DATA PROVIDED:
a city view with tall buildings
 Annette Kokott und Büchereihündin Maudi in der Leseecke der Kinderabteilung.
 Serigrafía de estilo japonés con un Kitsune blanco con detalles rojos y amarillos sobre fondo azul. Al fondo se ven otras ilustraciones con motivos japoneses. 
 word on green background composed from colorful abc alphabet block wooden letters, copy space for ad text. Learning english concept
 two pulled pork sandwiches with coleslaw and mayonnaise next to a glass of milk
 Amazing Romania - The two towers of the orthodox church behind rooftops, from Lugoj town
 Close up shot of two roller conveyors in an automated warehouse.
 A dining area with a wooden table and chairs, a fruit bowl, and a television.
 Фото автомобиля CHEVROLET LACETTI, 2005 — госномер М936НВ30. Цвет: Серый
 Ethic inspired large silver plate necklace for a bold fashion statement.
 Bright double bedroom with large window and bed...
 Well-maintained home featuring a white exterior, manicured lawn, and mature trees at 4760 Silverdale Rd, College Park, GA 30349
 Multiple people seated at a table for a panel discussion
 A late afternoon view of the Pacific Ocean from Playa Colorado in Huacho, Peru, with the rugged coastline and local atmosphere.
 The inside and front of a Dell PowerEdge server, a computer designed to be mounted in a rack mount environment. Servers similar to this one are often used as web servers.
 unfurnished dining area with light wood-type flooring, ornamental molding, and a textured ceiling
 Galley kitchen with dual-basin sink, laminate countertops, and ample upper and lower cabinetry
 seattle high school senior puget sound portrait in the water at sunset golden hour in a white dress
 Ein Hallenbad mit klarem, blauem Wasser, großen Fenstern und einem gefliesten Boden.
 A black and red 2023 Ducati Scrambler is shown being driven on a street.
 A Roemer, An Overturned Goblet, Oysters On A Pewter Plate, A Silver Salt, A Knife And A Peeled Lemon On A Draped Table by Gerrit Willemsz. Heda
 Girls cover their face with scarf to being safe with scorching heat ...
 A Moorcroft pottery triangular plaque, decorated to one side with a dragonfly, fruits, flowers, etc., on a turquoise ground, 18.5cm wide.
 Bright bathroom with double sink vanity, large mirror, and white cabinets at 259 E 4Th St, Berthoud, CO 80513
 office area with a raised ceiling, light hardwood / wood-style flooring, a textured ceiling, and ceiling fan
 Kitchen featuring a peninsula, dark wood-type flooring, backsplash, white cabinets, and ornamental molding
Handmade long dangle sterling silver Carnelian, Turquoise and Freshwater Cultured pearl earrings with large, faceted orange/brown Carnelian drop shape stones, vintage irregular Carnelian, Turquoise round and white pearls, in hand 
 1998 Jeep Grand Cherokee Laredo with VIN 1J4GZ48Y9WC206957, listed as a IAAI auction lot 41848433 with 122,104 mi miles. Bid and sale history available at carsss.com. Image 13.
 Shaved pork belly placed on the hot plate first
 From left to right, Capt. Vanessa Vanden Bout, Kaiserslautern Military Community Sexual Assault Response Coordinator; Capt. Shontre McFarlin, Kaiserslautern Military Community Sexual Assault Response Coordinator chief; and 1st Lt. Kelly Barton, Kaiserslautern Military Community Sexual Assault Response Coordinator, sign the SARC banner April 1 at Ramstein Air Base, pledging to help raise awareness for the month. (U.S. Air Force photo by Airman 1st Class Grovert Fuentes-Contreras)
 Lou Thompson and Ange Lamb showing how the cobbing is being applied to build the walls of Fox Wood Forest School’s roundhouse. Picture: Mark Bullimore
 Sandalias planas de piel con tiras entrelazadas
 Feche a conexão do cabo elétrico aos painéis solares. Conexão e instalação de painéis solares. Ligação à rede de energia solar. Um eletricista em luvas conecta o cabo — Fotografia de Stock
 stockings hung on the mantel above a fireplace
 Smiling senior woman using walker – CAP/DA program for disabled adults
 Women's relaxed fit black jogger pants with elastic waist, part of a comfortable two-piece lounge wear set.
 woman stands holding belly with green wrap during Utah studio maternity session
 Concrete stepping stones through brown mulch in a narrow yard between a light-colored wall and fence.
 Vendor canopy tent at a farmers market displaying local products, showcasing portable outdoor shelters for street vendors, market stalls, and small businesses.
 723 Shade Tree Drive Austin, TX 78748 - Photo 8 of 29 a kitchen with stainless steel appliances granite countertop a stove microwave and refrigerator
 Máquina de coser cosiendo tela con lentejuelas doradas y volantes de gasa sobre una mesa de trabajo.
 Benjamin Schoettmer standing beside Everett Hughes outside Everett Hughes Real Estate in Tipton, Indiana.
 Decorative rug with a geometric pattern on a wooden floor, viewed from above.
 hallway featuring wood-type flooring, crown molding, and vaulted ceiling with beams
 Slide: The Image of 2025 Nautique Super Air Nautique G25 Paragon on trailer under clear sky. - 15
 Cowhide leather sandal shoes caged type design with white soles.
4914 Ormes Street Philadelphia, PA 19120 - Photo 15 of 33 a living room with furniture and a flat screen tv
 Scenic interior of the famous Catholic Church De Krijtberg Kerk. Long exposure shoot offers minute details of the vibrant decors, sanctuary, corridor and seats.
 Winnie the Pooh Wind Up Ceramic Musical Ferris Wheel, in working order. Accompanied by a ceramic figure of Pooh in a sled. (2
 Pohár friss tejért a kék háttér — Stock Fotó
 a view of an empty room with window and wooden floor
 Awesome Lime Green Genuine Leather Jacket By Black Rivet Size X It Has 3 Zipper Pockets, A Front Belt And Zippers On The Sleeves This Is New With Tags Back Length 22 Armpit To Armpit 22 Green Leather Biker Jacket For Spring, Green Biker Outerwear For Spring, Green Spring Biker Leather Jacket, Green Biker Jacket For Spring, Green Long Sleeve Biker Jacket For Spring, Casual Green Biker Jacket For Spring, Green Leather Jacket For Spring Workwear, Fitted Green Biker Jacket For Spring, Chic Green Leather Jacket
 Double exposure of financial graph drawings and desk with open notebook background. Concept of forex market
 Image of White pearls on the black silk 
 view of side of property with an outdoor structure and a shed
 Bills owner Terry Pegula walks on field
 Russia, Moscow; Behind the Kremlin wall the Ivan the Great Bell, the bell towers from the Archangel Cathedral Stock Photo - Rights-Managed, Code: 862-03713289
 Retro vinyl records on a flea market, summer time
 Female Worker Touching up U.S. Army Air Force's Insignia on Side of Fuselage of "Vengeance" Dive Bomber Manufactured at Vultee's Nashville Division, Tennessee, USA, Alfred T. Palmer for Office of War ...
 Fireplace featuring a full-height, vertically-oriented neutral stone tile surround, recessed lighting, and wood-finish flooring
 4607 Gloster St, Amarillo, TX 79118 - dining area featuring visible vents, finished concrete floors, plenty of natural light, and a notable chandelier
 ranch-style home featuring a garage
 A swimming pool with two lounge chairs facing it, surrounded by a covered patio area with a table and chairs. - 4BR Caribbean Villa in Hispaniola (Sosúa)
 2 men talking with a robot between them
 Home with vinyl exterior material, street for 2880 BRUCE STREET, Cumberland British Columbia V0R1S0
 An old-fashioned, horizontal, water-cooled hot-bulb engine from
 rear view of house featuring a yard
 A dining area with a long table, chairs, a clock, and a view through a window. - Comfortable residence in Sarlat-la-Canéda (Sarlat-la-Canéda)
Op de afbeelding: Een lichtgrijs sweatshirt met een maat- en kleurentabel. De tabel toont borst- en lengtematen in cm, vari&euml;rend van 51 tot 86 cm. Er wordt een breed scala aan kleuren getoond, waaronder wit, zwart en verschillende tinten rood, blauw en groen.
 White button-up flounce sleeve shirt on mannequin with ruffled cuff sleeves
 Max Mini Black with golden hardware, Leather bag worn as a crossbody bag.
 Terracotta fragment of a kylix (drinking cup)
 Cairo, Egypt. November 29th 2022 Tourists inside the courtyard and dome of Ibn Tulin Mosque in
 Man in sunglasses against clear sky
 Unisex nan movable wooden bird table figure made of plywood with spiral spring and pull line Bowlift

TASK REQUIREMENTS: In full and word for word, set down the records shown above.

YOUR RESPONSE:
a city view with tall buildings
 Annette Kokott und Büchereihündin Maudi in der Leseecke der Kinderabteilung.
 Serigrafía de estilo japonés con un Kitsune blanco con detalles rojos y amarillos sobre fondo azul. Al fondo se ven otras ilustraciones con motivos japoneses. 
 word on green background composed from colorful abc alphabet block wooden letters, copy space for ad text. Learning english concept
 two pulled pork sandwiches with coleslaw and mayonnaise next to a glass of milk
 Amazing Romania - The two towers of the orthodox church behind rooftops, from Lugoj town
 Close up shot of two roller conveyors in an automated warehouse.
 A dining area with a wooden table and chairs, a fruit bowl, and a television.
 Фото автомобиля CHEVROLET LACETTI, 2005 — госномер М936НВ30. Цвет: Серый
 Ethic inspired large silver plate necklace for a bold fashion statement.
 Bright double bedroom with large window and bed...
 Well-maintained home featuring a white exterior, manicured lawn, and mature trees at 4760 Silverdale Rd, College Park, GA 30349
 Multiple people seated at a table for a panel discussion
 A late afternoon view of the Pacific Ocean from Playa Colorado in Huacho, Peru, with the rugged coastline and local atmosphere.
 The inside and front of a Dell PowerEdge server, a computer designed to be mounted in a rack mount environment. Servers similar to this one are often used as web servers.
 unfurnished dining area with light wood-type flooring, ornamental molding, and a textured ceiling
 Galley kitchen with dual-basin sink, laminate countertops, and ample upper and lower cabinetry
 seattle high school senior puget sound portrait in the water at sunset golden hour in a white dress
 Ein Hallenbad mit klarem, blauem Wasser, großen Fenstern und einem gefliesten Boden.
 A black and red 2023 Ducati Scrambler is shown being driven on a street.
 A Roemer, An Overturned Goblet, Oysters On A Pewter Plate, A Silver Salt, A Knife And A Peeled Lemon On A Draped Table by Gerrit Willemsz. Heda
 Girls cover their face with scarf to being safe with scorching heat ...
 A Moorcroft pottery triangular plaque, decorated to one side with a dragonfly, fruits, flowers, etc., on a turquoise ground, 18.5cm wide.
 Bright bathroom with double sink vanity, large mirror, and white cabinets at 259 E 4Th St, Berthoud, CO 80513
 office area with a raised ceiling, light hardwood / wood-style flooring, a textured ceiling, and ceiling fan
 Kitchen featuring a peninsula, dark wood-type flooring, backsplash, white cabinets, and ornamental molding
Handmade long dangle sterling silver Carnelian, Turquoise and Freshwater Cultured pearl earrings with large, faceted orange/brown Carnelian drop shape stones, vintage irregular Carnelian, Turquoise round and white pearls, in hand 
 1998 Jeep Grand Cherokee Laredo with VIN 1J4GZ48Y9WC206957, listed as a IAAI auction lot 41848433 with 122,104 mi miles. Bid and sale history available at carsss.com. Image 13.
 Shaved pork belly placed on the hot plate first
 From left to right, Capt. Vanessa Vanden Bout, Kaiserslautern Military Community Sexual Assault Response Coordinator; Capt. Shontre McFarlin, Kaiserslautern Military Community Sexual Assault Response Coordinator chief; and 1st Lt. Kelly Barton, Kaiserslautern Military Community Sexual Assault Response Coordinator, sign the SARC banner April 1 at Ramstein Air Base, pledging to help raise awareness for the month. (U.S. Air Force photo by Airman 1st Class Grovert Fuentes-Contreras)
 Lou Thompson and Ange Lamb showing how the cobbing is being applied to build the walls of Fox Wood Forest School’s roundhouse. Picture: Mark Bullimore
 Sandalias planas de piel con tiras entrelazadas
 Feche a conexão do cabo elétrico aos painéis solares. Conexão e instalação de painéis solares. Ligação à rede de energia solar. Um eletricista em luvas conecta o cabo — Fotografia de Stock
 stockings hung on the mantel above a fireplace
 Smiling senior woman using walker – CAP/DA program for disabled adults
 Women's relaxed fit black jogger pants with elastic waist, part of a comfortable two-piece lounge wear set.
 woman stands holding belly with green wrap during Utah studio maternity session
 Concrete stepping stones through brown mulch in a narrow yard between a light-colored wall and fence.
 Vendor canopy tent at a farmers market displaying local products, showcasing portable outdoor shelters for street vendors, market stalls, and small businesses.
 723 Shade Tree Drive Austin, TX 78748 - Photo 8 of 29 a kitchen with stainless steel appliances granite countertop a stove microwave and refrigerator
 Máquina de coser cosiendo tela con lentejuelas doradas y volantes de gasa sobre una mesa de trabajo.
 Benjamin Schoettmer standing beside Everett Hughes outside Everett Hughes Real Estate in Tipton, Indiana.
 Decorative rug with a geometric pattern on a wooden floor, viewed from above.
 hallway featuring wood-type flooring, crown molding, and vaulted ceiling with beams
 Slide: The Image of 2025 Nautique Super Air Nautique G25 Paragon on trailer under clear sky. - 15
 Cowhide leather sandal shoes caged type design with white soles.
4914 Ormes Street Philadelphia, PA 19120 - Photo 15 of 33 a living room with furniture and a flat screen tv
 Scenic interior of the famous Catholic Church De Krijtberg Kerk. Long exposure shoot offers minute details of the vibrant decors, sanctuary, corridor and seats.
 Winnie the Pooh Wind Up Ceramic Musical Ferris Wheel, in working order. Accompanied by a ceramic figure of Pooh in a sled. (2
 Pohár friss tejért a kék háttér — Stock Fotó
 a view of an empty room with window and wooden floor
 Awesome Lime Green Genuine Leather Jacket By Black Rivet Size X It Has 3 Zipper Pockets, A Front Belt And Zippers On The Sleeves This Is New With Tags Back Length 22 Armpit To Armpit 22 Green Leather Biker Jacket For Spring, Green Biker Outerwear For Spring, Green Spring Biker Leather Jacket, Green Biker Jacket For Spring, Green Long Sleeve Biker Jacket For Spring, Casual Green Biker Jacket For Spring, Green Leather Jacket For Spring Workwear, Fitted Green Biker Jacket For Spring, Chic Green Leather Jacket
 Double exposure of financial graph drawings and desk with open notebook background. Concept of forex market
 Image of White pearls on the black silk 
 view of side of property with an outdoor structure and a shed
 Bills owner Terry Pegula walks on field
 Russia, Moscow; Behind the Kremlin wall the Ivan the Great Bell, the bell towers from the Archangel Cathedral Stock Photo - Rights-Managed, Code: 862-03713289
 Retro vinyl records on a flea market, summer time
 Female Worker Touching up U.S. Army Air Force's Insignia on Side of Fuselage of "Vengeance" Dive Bomber Manufactured at Vultee's Nashville Division, Tennessee, USA, Alfred T. Palmer for Office of War ...
 Fireplace featuring a full-height, vertically-oriented neutral stone tile surround, recessed lighting, and wood-finish flooring
 4607 Gloster St, Amarillo, TX 79118 - dining area featuring visible vents, finished concrete floors, plenty of natural light, and a notable chandelier
 ranch-style home featuring a garage
 A swimming pool with two lounge chairs facing it, surrounded by a covered patio area with a table and chairs. - 4BR Caribbean Villa in Hispaniola (Sosúa)
 2 men talking with a robot between them
 Home with vinyl exterior material, street for 2880 BRUCE STREET, Cumberland British Columbia V0R1S0
 An old-fashioned, horizontal, water-cooled hot-bulb engine from
 rear view of house featuring a yard
 A dining area with a long table, chairs, a clock, and a view through a window. - Comfortable residence in Sarlat-la-Canéda (Sarlat-la-Canéda)
Op de afbeelding: Een lichtgrijs sweatshirt met een maat- en kleurentabel. De tabel toont borst- en lengtematen in cm, vari&euml;rend van 51 tot 86 cm. Er wordt een breed scala aan kleuren getoond, waaronder wit, zwart en verschillende tinten rood, blauw en groen.
 White button-up flounce sleeve shirt on mannequin with ruffled cuff sleeves
 Max Mini Black with golden hardware, Leather bag worn as a crossbody bag.
 Terracotta fragment of a kylix (drinking cup)
 Cairo, Egypt. November 29th 2022 Tourists inside the courtyard and dome of Ibn Tulin Mosque in
 Man in sunglasses against clear sky
 Unisex nan movable wooden bird table figure made of plywood with spiral spring and pull line Bowlift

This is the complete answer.